Одна мысль о жене, в большинстве случаев отрава моего существования, под кайфом наполняла меня драгоценным теплом. В моих мыслях она виделась чудесным восхитительным созданием. Я горел от нетерпения собрать ей поднос с чаем и тостами, маслом и джемом в маленьких розетках рядом, как в лучших ресторанах, взбежать с ним наверх, перепрыгивая через ступеньки, чтобы просто показать ей, как она мне дорога. Это будто во мне спит прекраснодушный романтик, и понадобилась всего-навсего вмазка тяжелой наркотой, чтобы убить во мне беспонтового хлюпика и пробудить Джули Эндрюз.
«Доброе утро!» — пропел я своей только что проснувшейся второй половине. Выражение ее лица по утрам, подчас меня пугавшее — почти равно как и мое собственное — сейчас показалось мне самым симпатичным личиком в мире. Я был практически готов подлезть к ней и обнять. Для нас это стало бы несколько чересчур, но я бы себе такого не позволил. Все формы обожания плескались во мне, однако без дозы опиатов наружу бы не просочились. С другой стороны, то, что я чувствовал, точно так же могло оказаться фальшью: продуктом закачки тонн синтетических эндоморфинов в мой изголодавшийся по радости мозг, состоянием, при котором я с той же легкостью испытывал бы любовь к Дж.
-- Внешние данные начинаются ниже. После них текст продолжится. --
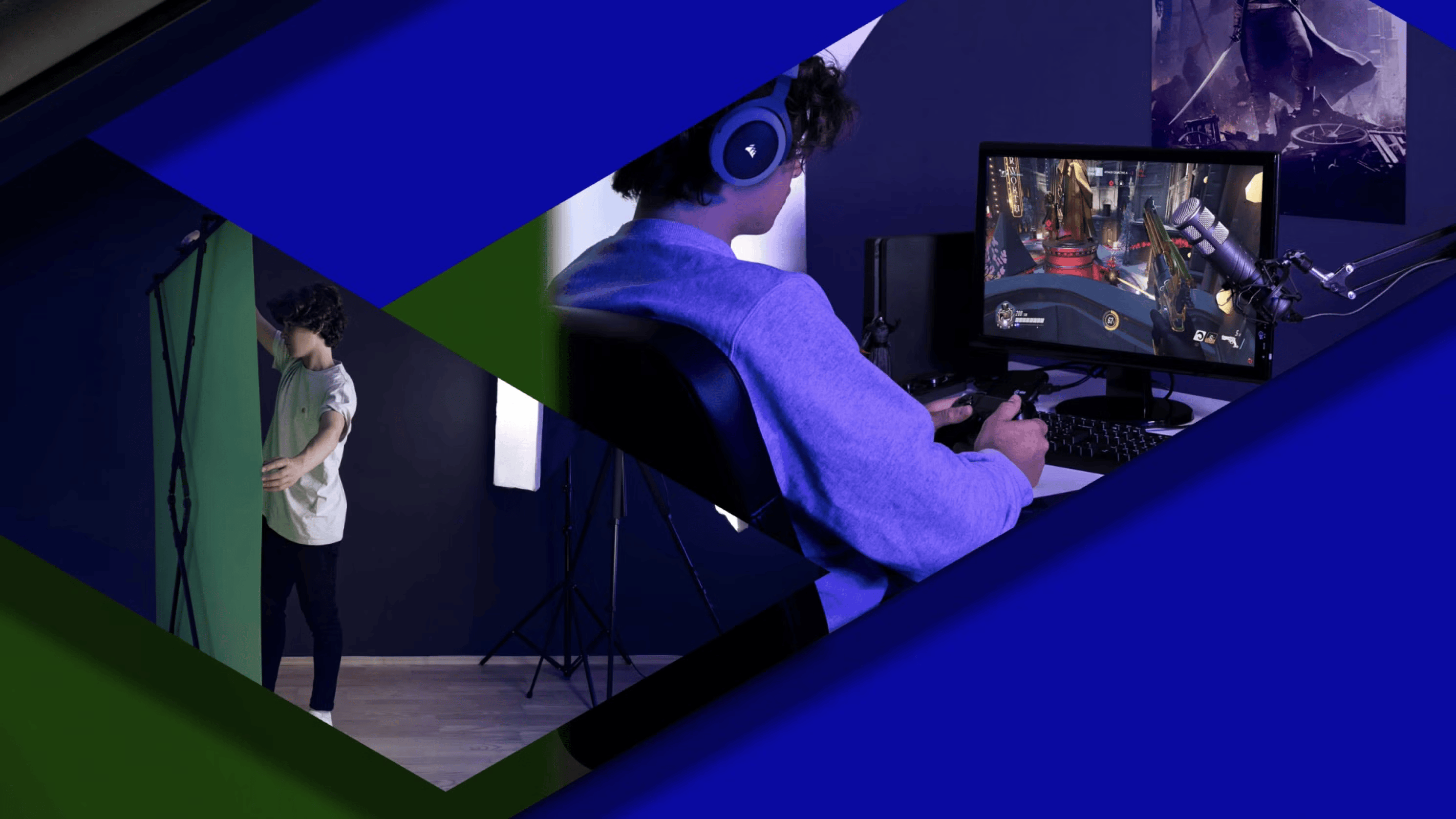 Détail du cadre en X et de la poignée de l'Elgato Green Screen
Эдгару Гуверу[37] в его тайной, облаченной в ночнушку модификации или же бюсту Неру, как и к щурящейся, немного ошарашенной, неуловимо прелестной женщине с серебристыми волосами, которая, так получилось, делит со мной постель.
— Вот гляди, — сказал я, ставя поднос на ночной столик перед серебряными радиочасами, по которым мы слушали «Эн-Пи-А»[38], — Я принес тебе чаю.
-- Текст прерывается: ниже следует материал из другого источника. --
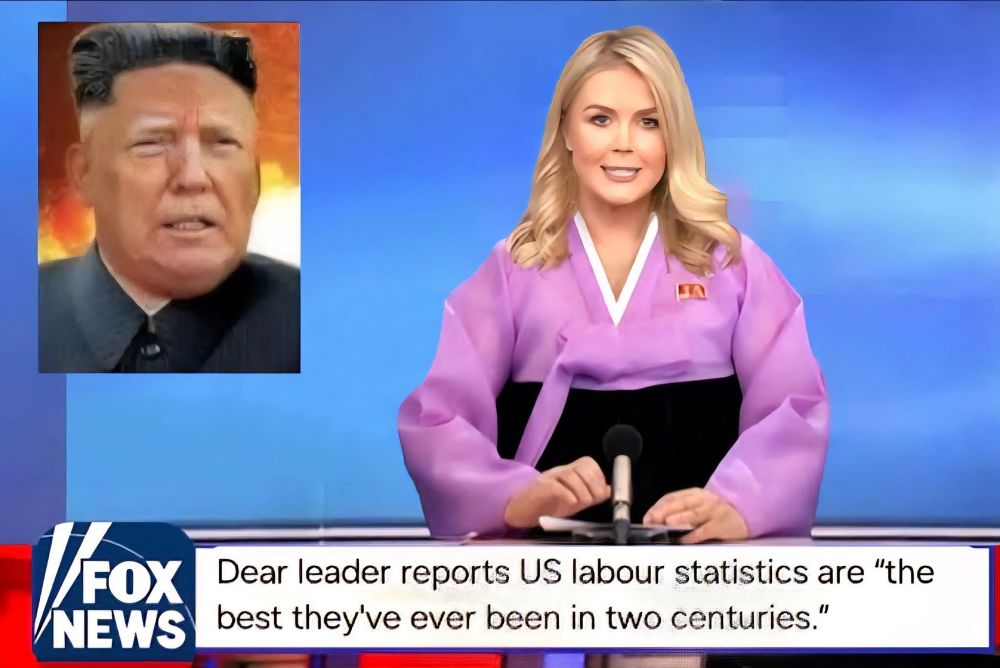 Satirical pretend screenshot of Fox News in North Korean style with inset of Donald Trump’s face altered to North Korean features and main shot of White House spox Karoline Leavitt as announcer in traditional garb.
— Да ты что! — ее разум никак не мог принять мысль о моем предупредительном внимании, моей вновь обретенной нежности. — Что стряслось?
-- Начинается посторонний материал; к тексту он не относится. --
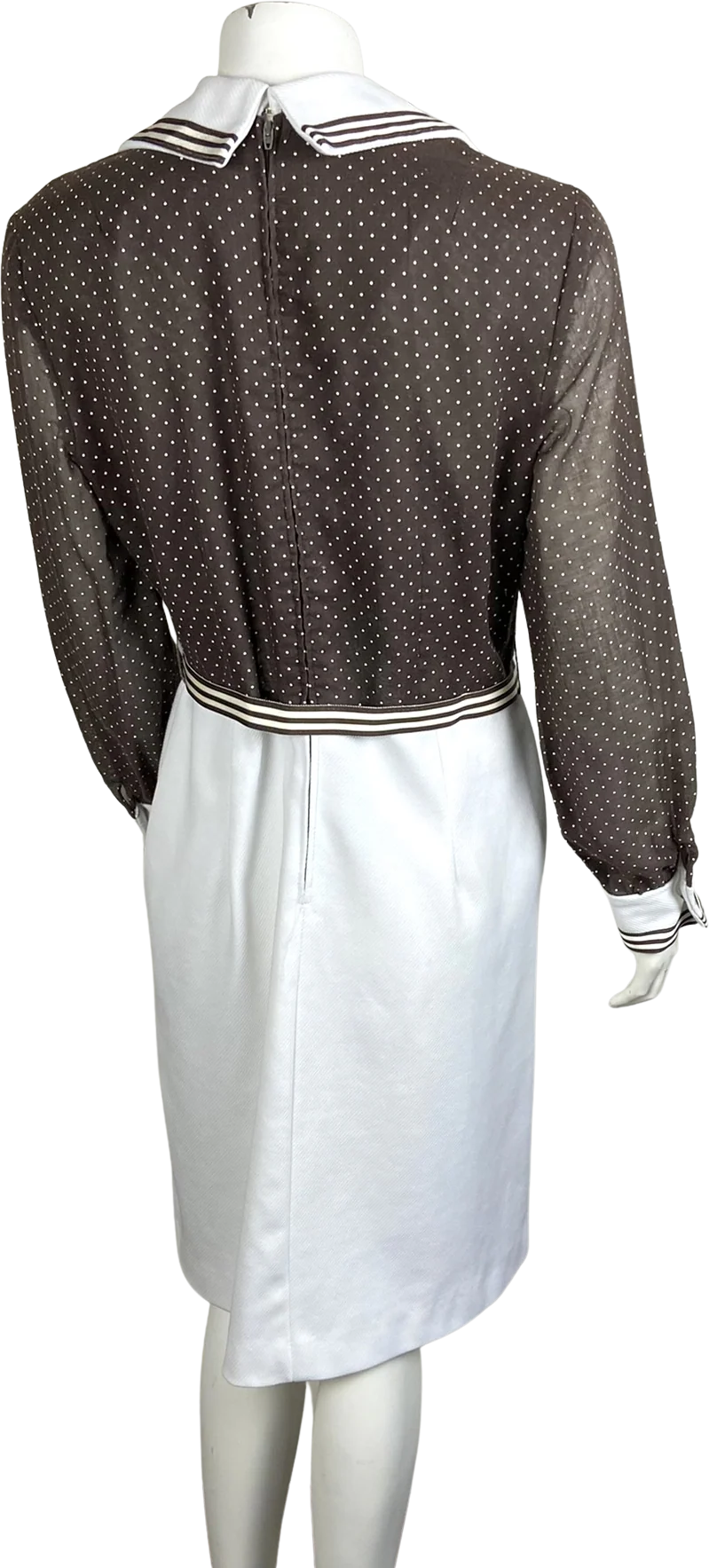 60s/70s Wide Collar Polyester Secretary Dress Polka Dot - Image 2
— В смысле, что стряслось? Ничего не стряслось. А что уже нельзя сделать приятное своей любимой? Вот тут твой любимый конфитюр из бойзеновых ягод «Трейдер Джо». Я вроде не пережег тост? Знаю, тебе нравятся немного подрумяненные, но не слишком…
— Джерри…
— Подожди. Дай я выну пакетик заварки. Чай с бергамотом. Ты ж его любишь? Чай с бергамотом на завтрак?
— Джерри…
— Стой, у меня внизу есть овсянка. Решил принести сначала тост, пока он не остыл.
— С тобой все нормально?
— Со мной? Шутишь? Я замечательно… Сейчас вернусь. Кушай тост. Хочешь, вечером куда-нибудь сходим? Может, в то твое любимое японское заведение? Позовем Джанин? Или еще кого-то? Господи, ты только погляди, какое небо голубое. Будто черничный йогурт.
— Джерри… — мелодичные певучие британские интонации скатывались по лестнице, щекоча волоски в моих ушах, — Джерри, ты снова на наркотиках?
— Нет, конечно. Я просто-напросто радуюсь, бог ты мой. Разве и порадоваться нельзя?
— Ладно, — ответила она, и я почти разглядел легкую улыбку. — Ладно, тогда не принесешь ли мне масло?
— Бегу, милая. Бегу.
Она мне элементарно не доверяла — представьте себе! — и мои изысканные чувства оказались столь уязвлены, что мне пришлось смотаться вниз и выжать третий, убийственный, как вода, дозняк из еще не просохшей ватки. Не сидящим на игле профи одного не понять: если кончилась доза, у тебя остается вата. Которую, при должном отчаянном состоянии безысходности, станешь греть, промывать, выжимать до тех пор, пока не начнешь вкалывать в себя в основном хлорин. Только бы ощутить на один бесконечный миг между проколом и введением самой возможности избавления. В дальнейшем из-за этого дела я заработаю сенную лихорадку — адская штука, типа водобоязни, вызванная тем, что ввел в кровь вываренные ватные волокна. Длится не больше одного-двух дней, но состояние такое жуткое, что даже ветераны спрыгивания с героина начинают жевать наволочку и клясться одуревшим богам, повелевающим Вселенной, что они больше никогда и ни за что даже не ткнут себя в руку баяном. Пока все не возобновится по новой.